> [Exercise]: Could you reproduce the lines below from the one with "Clabber Girl Double" through the one with "Relógio Big Bang"? Keep both ends and add nothing.

> [Supplied data]:
┄┄┄┄┄┄┄┄┄┄
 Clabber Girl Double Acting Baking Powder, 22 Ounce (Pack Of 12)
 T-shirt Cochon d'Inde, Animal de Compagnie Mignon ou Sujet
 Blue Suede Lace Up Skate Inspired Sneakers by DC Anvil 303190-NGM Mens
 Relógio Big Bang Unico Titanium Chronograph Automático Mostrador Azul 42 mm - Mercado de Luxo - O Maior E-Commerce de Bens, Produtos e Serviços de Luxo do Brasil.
┄┄┄┄┄┄┄┄┄┄
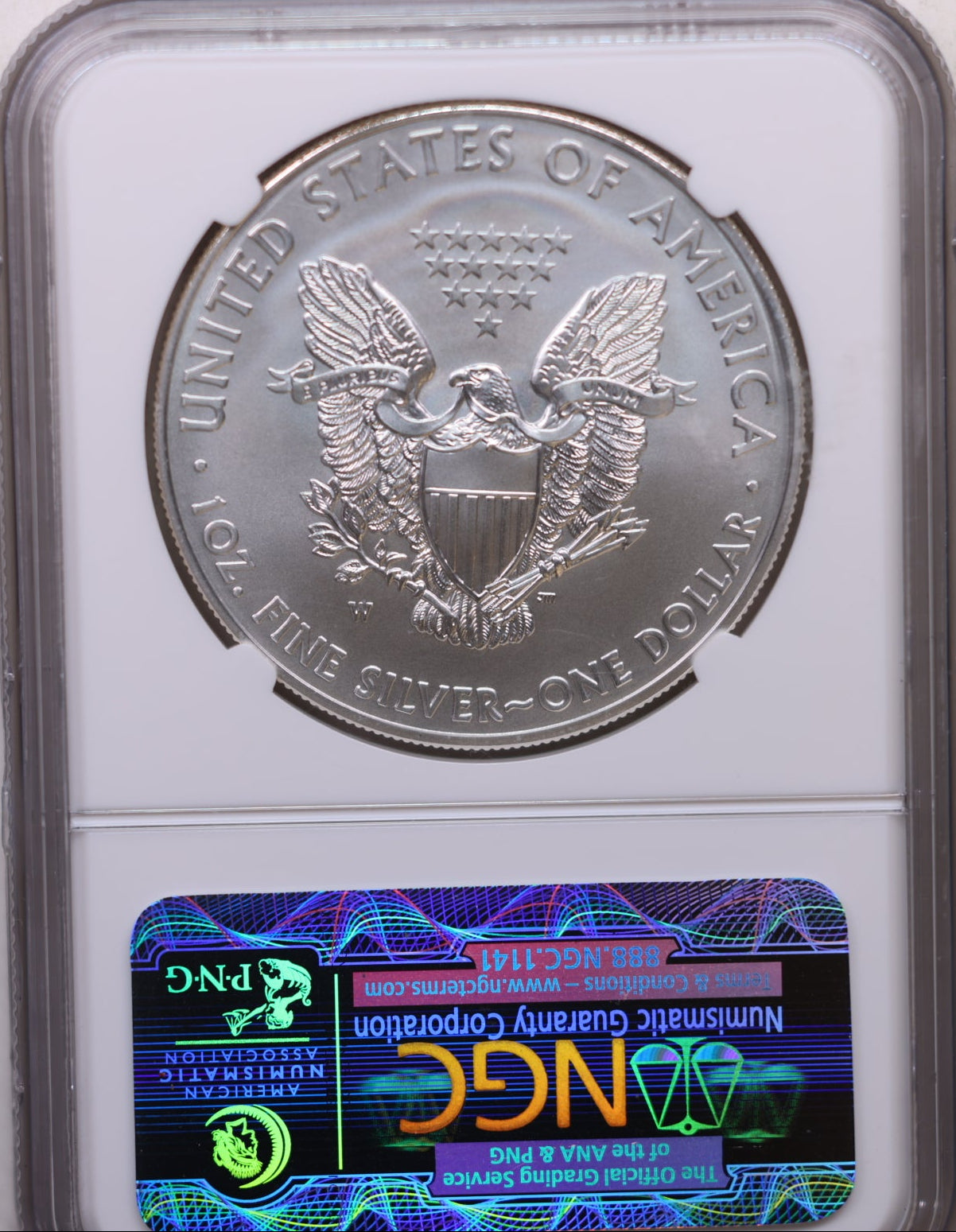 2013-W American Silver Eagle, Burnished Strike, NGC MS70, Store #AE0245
┄┄┄┄┄┄┄┄┄┄
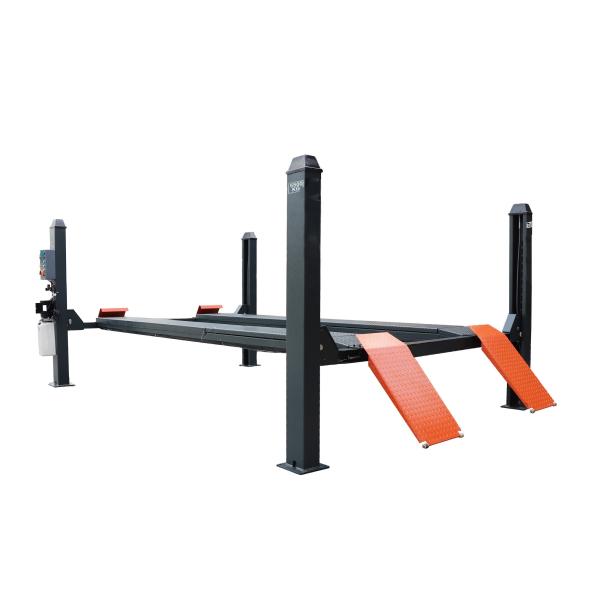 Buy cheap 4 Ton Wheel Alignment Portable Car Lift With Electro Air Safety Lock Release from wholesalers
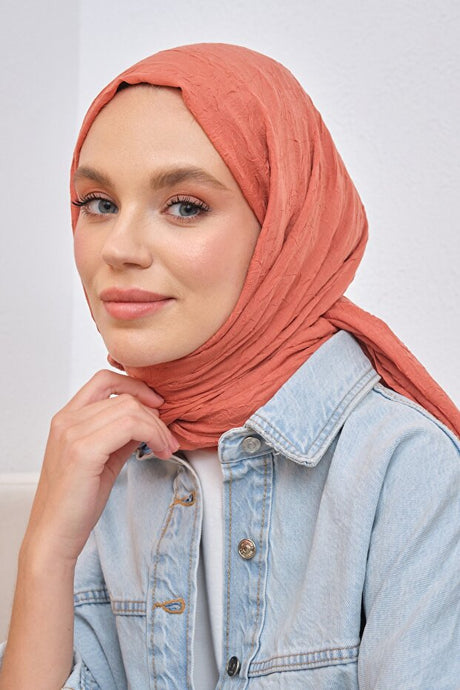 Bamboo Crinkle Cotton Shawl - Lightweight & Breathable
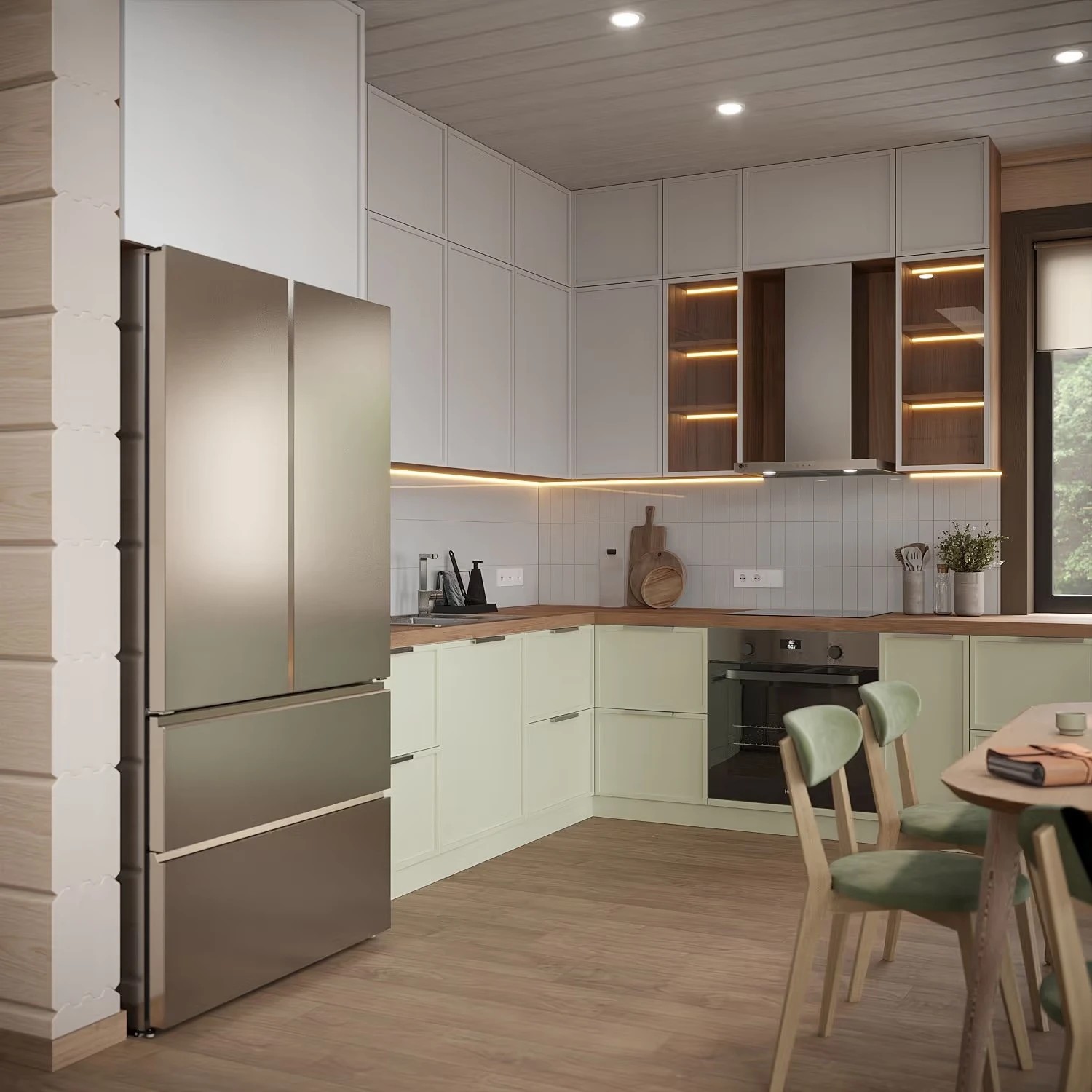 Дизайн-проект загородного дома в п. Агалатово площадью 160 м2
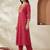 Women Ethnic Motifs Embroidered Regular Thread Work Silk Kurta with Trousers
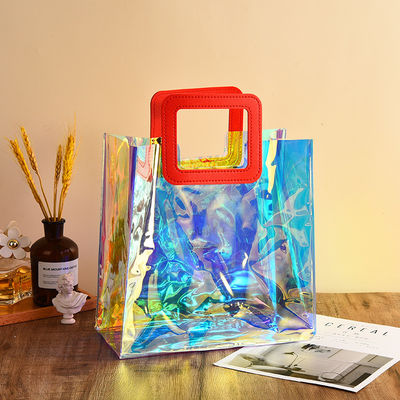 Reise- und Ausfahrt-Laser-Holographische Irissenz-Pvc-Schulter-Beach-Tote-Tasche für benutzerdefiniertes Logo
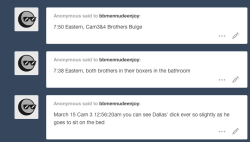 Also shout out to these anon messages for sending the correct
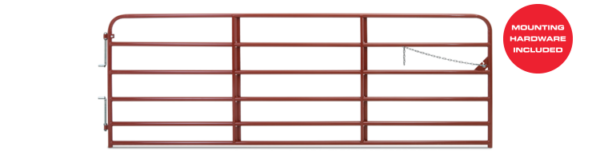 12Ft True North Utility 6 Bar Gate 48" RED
┄┄┄┄┄┄┄┄┄┄
> [Completed exercise]:
 Clabber Girl Double Acting Baking Powder, 22 Ounce (Pack Of 12)
 T-shirt Cochon d'Inde, Animal de Compagnie Mignon ou Sujet
 Blue Suede Lace Up Skate Inspired Sneakers by DC Anvil 303190-NGM Mens
 Relógio Big Bang Unico Titanium Chronograph Automático Mostrador Azul 42 mm - Mercado de Luxo - O Maior E-Commerce de Bens, Produtos e Serviços de Luxo do Brasil.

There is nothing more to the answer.